Guavus SQLstream enables zero latency recovery from scenarios where one or more processing nodes fail, such as when a server crashes. In order to do this, every pipeline is configured to run on at least 3 separate physical servers.

With at least 3 distinct nodes processing any stream operation, Guavus SQLstream accepts data from multiple producers and fires on the first available input, discarding straggling copies with deduplication. The redundancy and deduplication is possible because Guavus SQLstream is a declarative, deterministic system that synchronizes via timestamps. Computation proceeds by asynchronously “racing” each redundant computation pipeline against the others accepting the first arriver at each node in the dataflow execution graph.
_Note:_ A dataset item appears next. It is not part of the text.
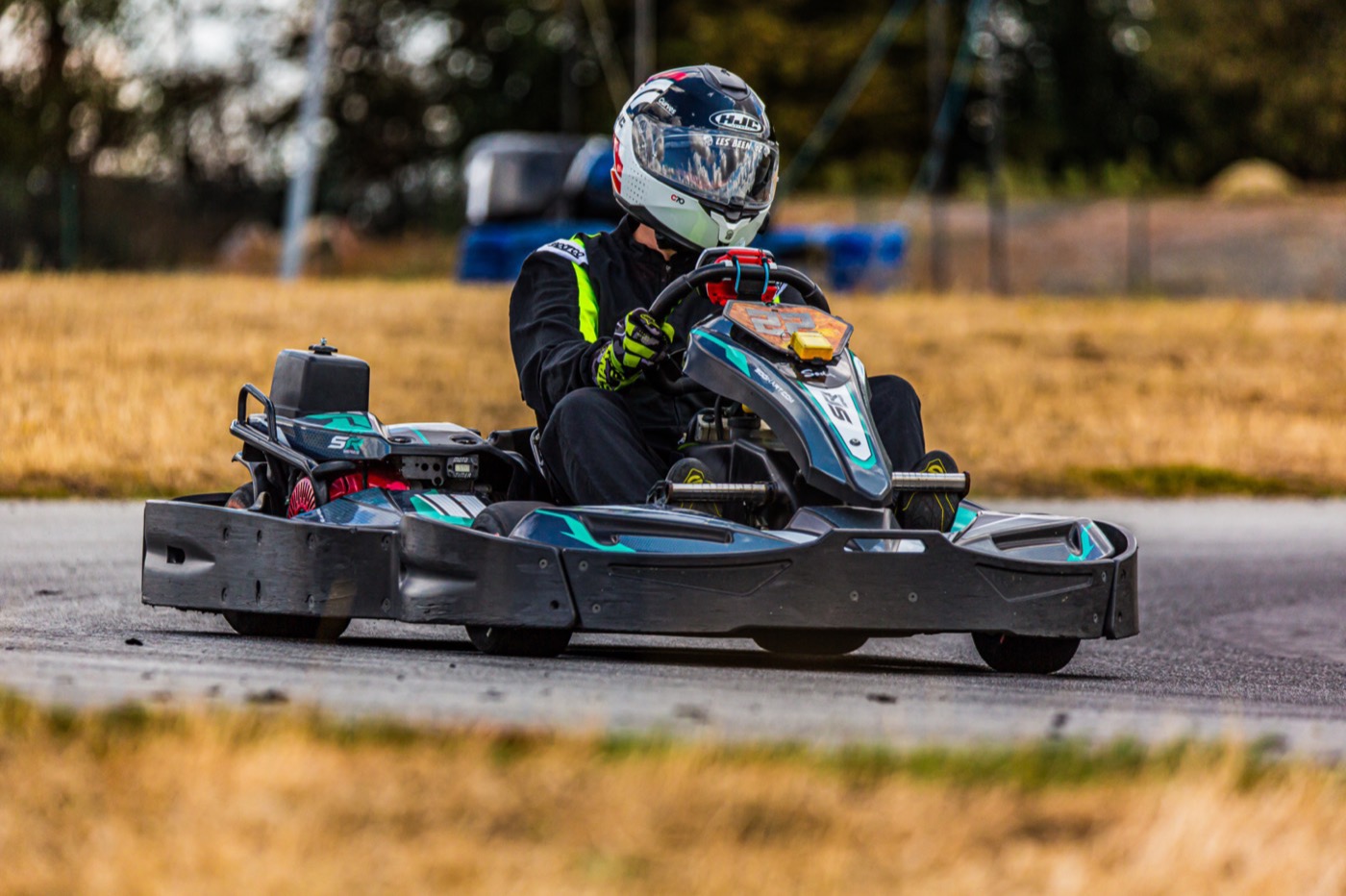 Dimitri en piste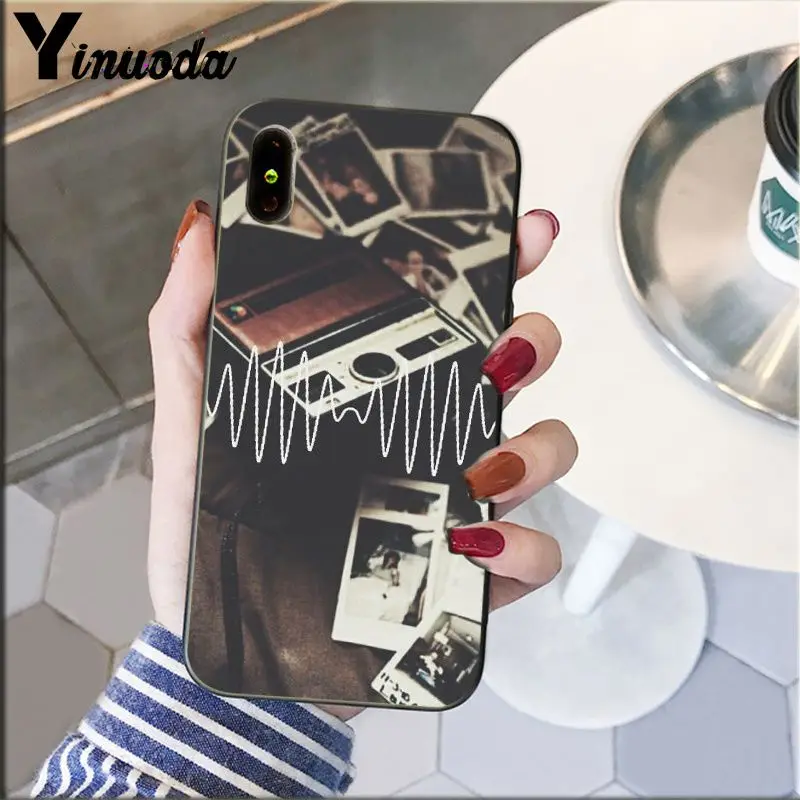 Yinuoda arctic monkeys красочные милые аксессуары для телефонов Чехол для iPhone X XS MAX 6 6S 7 7plus 8 8Plus 5 5S XR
See the topic Adding and Removing Processing Nodes for Kafka in the Integrating with Other Systems Guide for more details.

Automatic Recovery Through Checkpointing

Guavus SQLstream provides checkpointing capabilities for streaming data processing, leveraging transacted source positions from sources such as Apache Kafka, AWS Kinesis, and ActiveMQ, as well as leveraging the transactional capabilities of a variety of external databases. Apache Kafka, AWS Kinesis and AMQP each support subscription to a message queue with “starting_time” set to a given “message timestamp”. SQLstream promotes this “message timestamp” for each message as ROWTIME. The ROWTIME column acts as a “natural watermark” in the Guavus SQLstream server.

Commits made to sinks (data lakes) of streaming pipelines ensure those happen at the ROWTIME boundaries. During recovery, “starting_time” for Apache Kafka is set to a millisecond more than the last ROWTIME committed to the sink of the streaming pipeline. This ensures “exactly once” semantics.

The following example shows streaming access to data from Kafka messages.

CREATE OR REPLACE FOREIGN TABLE "WATERMARKTABLE"(
SINK_NAME VARCHAR(1024) NOT NULL,
POSITION_KEY VARCHAR(2000) NOT NULL
)
SERVER "SQLServer_JDBC"
OPTIONS (
TRANSACTION_ROWTIME_LIMIT '0',
TRANSACTION_ROW_LIMIT '1',
SCHEMA_NAME 'dbo',
TABLE_NAME 'SQLSTREAM_WATERMARKS'
);

-- The Data Sink in Microsoft SQL Server.
CREATE OR REPLACE FOREIGN TABLE "ForeignDailyTransactions"(
transaction_time TIMESTAMP,
transactional.id BIGINT,
rate DOUBLE,
amt DECIMAL(14,2)
)
SERVER "SQLServer_JDBC"
OPTIONS (
TRANSACTION_ROWTIME_LIMIT '1000',
TRANSACTION_ROW_LIMIT '0',
SCHEMA_NAME 'dbo',
TABLE_NAME 'DailyTransactionsByUsage'
);

--The Streaming data source, a Kafka topic
CREATE OR REPLACE FOREIGN STREAM "USAGE_DETAIL_LOG_STREAM" (
transaction_time TIMESTAMP,
transactional.id BIGINT,
rate DOUBLE,
amt DECIMAL(14,2),
SQLSTREAM_POSITION_KEY VARCHAR(512)
)
SERVER "KafkaReaderServer"
OPTIONS (
TOPIC 'test',
"SEED_BROKERS" 'localhost',
"PORT" '9092',
WATERMARKED_SINK '"test"."ForeignDailyTransactions"',
-- Read the last committed watermark from SQL Server
-- as STARTING_TIME for kafka subscription.
WATERMARKS 'LOCALDB.test.WATERMARKTABLE',
PARSER 'CSV'
);

“SQLSTREAM_POSITION_KEY” is a watermark column that is pushed through the stream processing pipeline. When the results of the stream processing pipeline are stored in a Microsoft SQL Server table called “DailyTransactions”, the watermark columns are also saved to a table called “SQLSTREAM_WATERMARKS” in Microsoft SQL Server.

During recovery, the query on foreign stream “USAGE_DETAIL_LOG_STREAM” starts with the “initial position” as saved in the Microsoft SQL Server table “SQLSTREAM_WATERMARKS” at the time of the crash.